About this task.
Below is a listing with pictures in it; transcribe exactly the lines from the one that has "Bunch of pistachios in shell and cup." through the one that has "A person talking", and omit those pictures.

Records for this task.
★ ★ ★ ★ ★ ★ ★
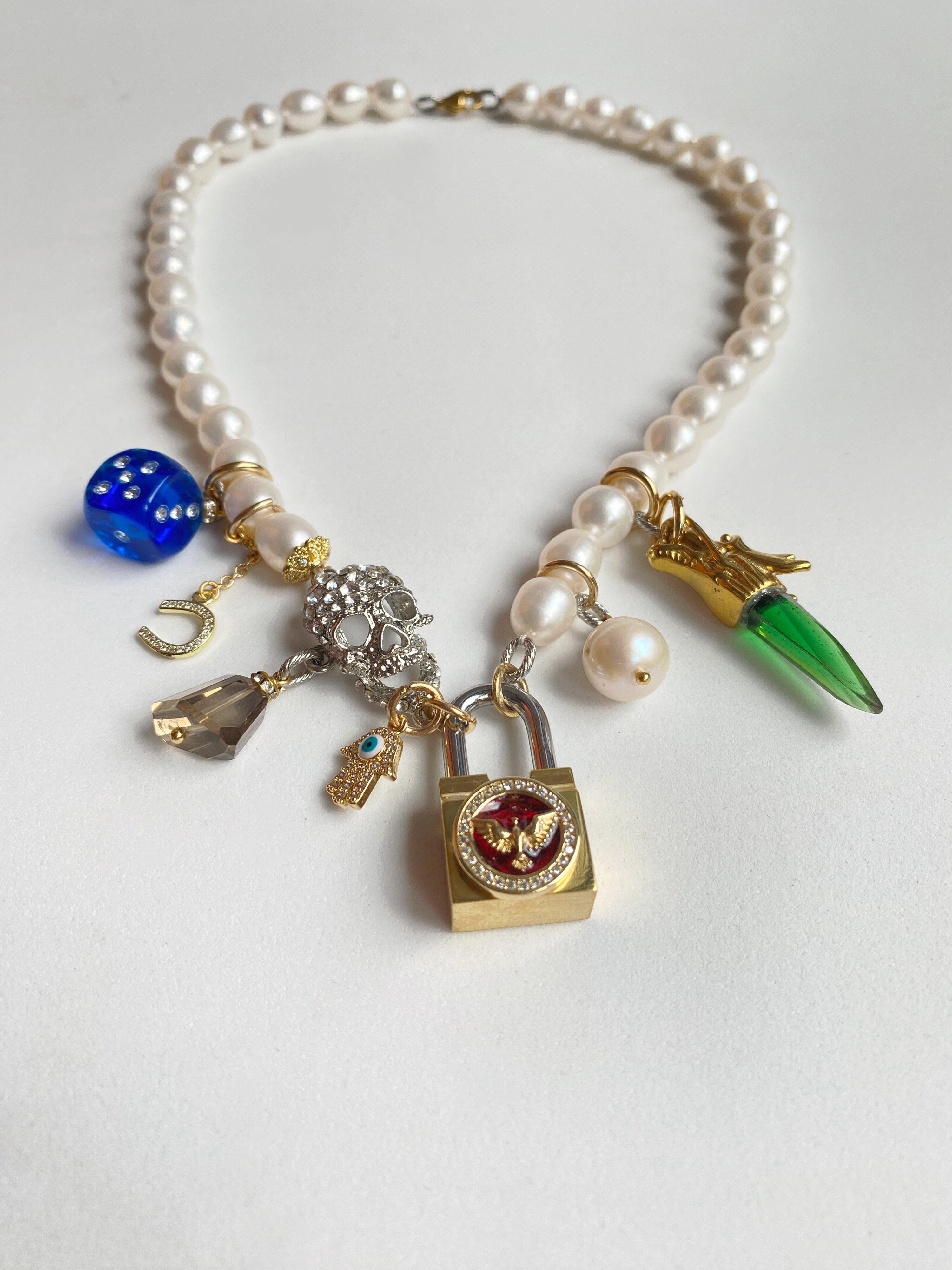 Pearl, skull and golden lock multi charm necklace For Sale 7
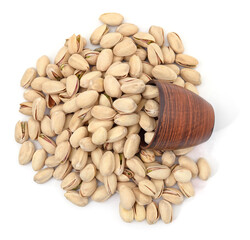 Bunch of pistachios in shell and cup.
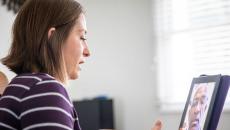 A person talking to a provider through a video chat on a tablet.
★ ★ ★ ★ ★ ★ ★
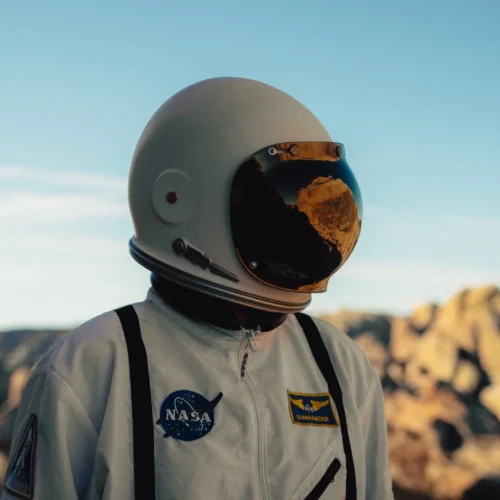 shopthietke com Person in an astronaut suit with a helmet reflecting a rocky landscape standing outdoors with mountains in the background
★ ★ ★ ★ ★ ★ ★
Written response.
 Bunch of pistachios in shell and cup.
 A person talking to a provider through a video chat on a tablet.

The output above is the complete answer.